Data:
______

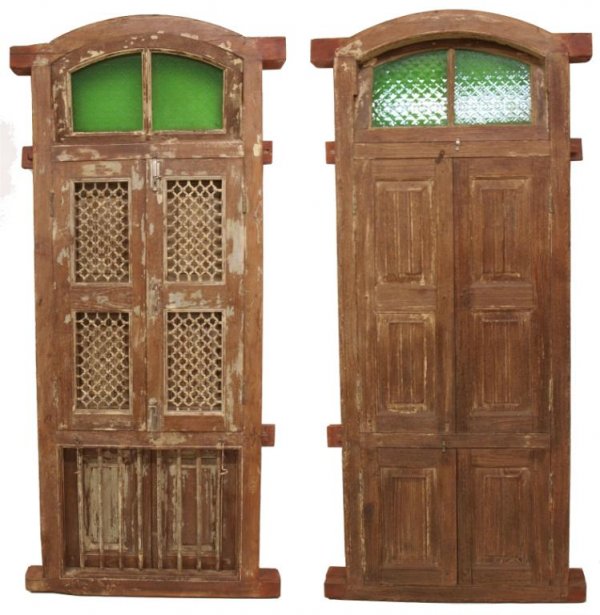 ANTIQUE PAINTED TEAKWOOD WINDOW, GLASS & IRON: Antique 19th c. painted teakwood window with green glass, two door sets, one with iron grates, and vertical iron bars, 78"h, 30"w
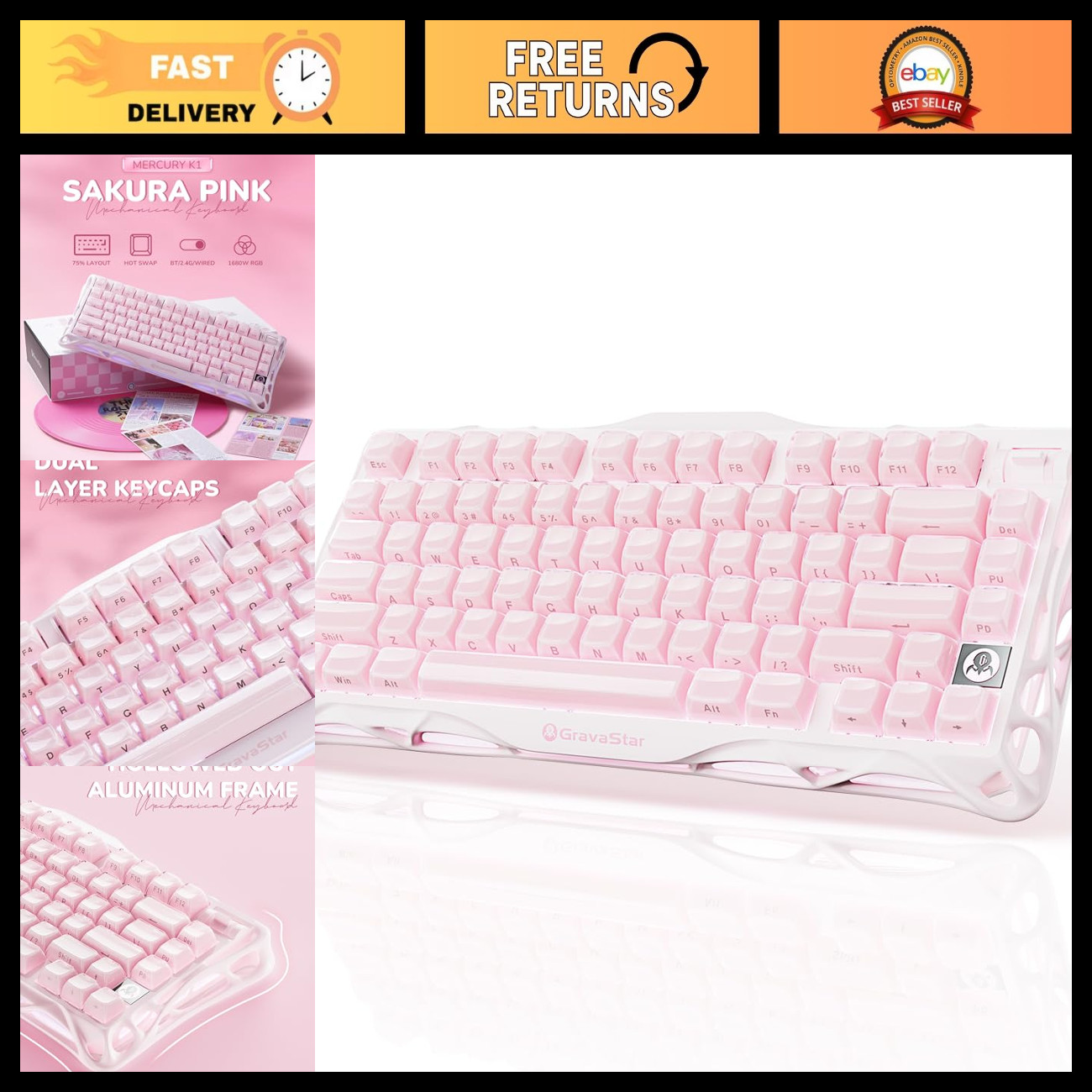 Wireless Mechanical Gaming Keyboard, RGB Backlit, 75% Compact Design, Customizab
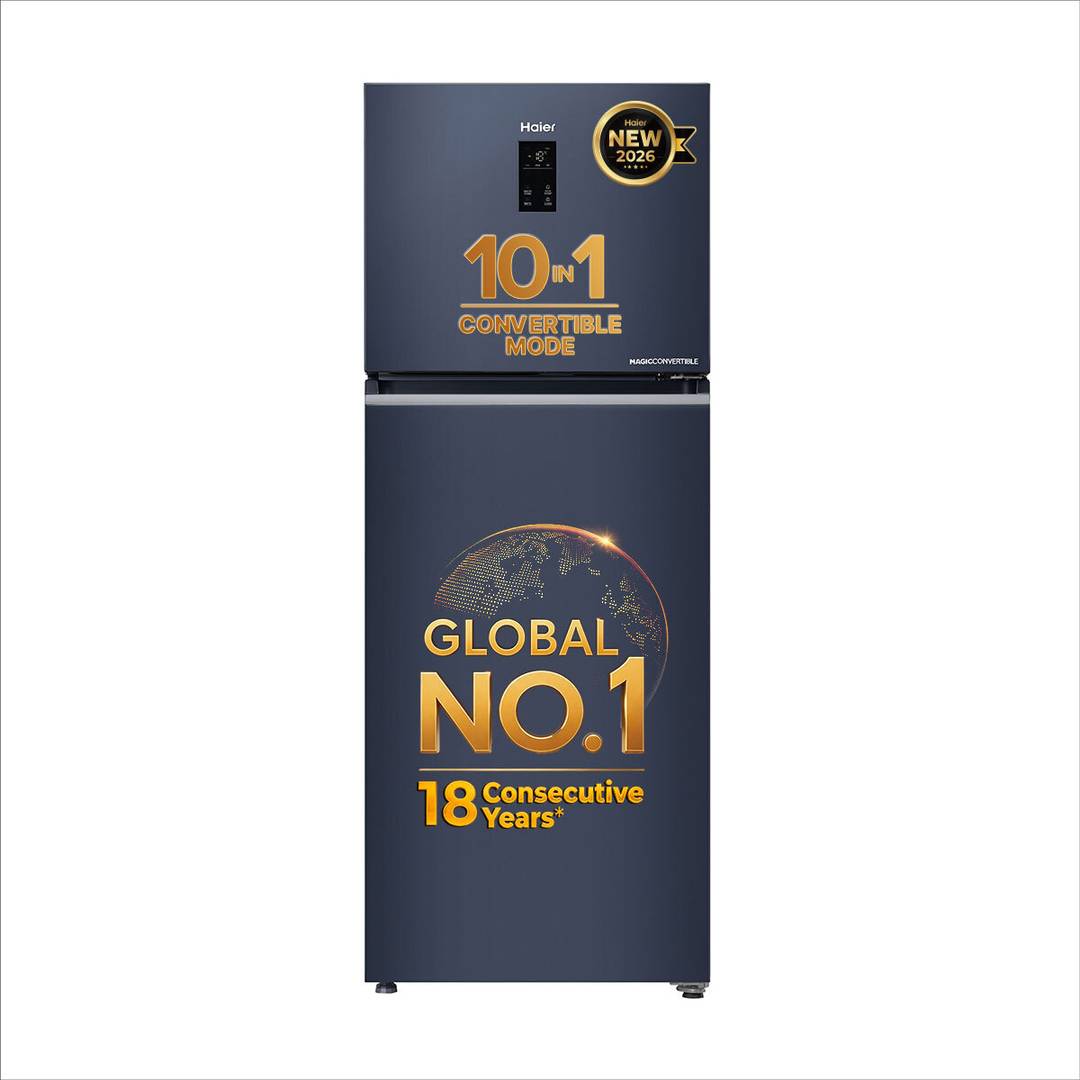 Haier 328 L Frost Free Double Door 2 Star Convertible Refrigerator with Top Freezer, 10 In 1 Convertible Modes, Triple Inverter Technology, External D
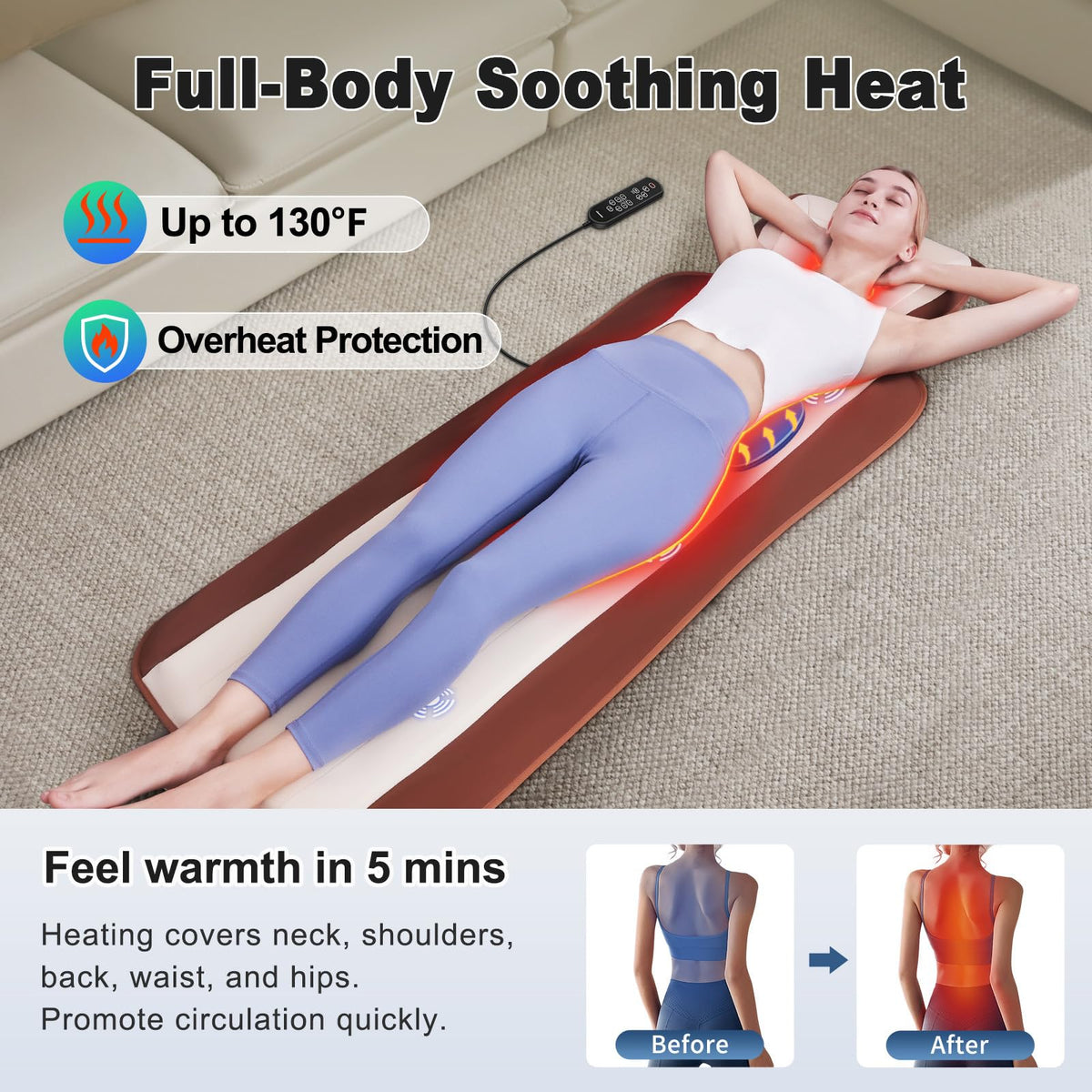 Vibration Massage Mat with Heat and Lumbar Support L38479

______

Exercise description: Copy the listing above word for word. Do not include the pictures.

Written solution:
 ANTIQUE PAINTED TEAKWOOD WINDOW, GLASS & IRON: Antique 19th c. painted teakwood window with green glass, two door sets, one with iron grates, and vertical iron bars, 78"h, 30"w
 Wireless Mechanical Gaming Keyboard, RGB Backlit, 75% Compact Design, Customizab
 Haier 328 L Frost Free Double Door 2 Star Convertible Refrigerator with Top Freezer, 10 In 1 Convertible Modes, Triple Inverter Technology, External D
 Vibration Massage Mat with Heat and Lumbar Support L38479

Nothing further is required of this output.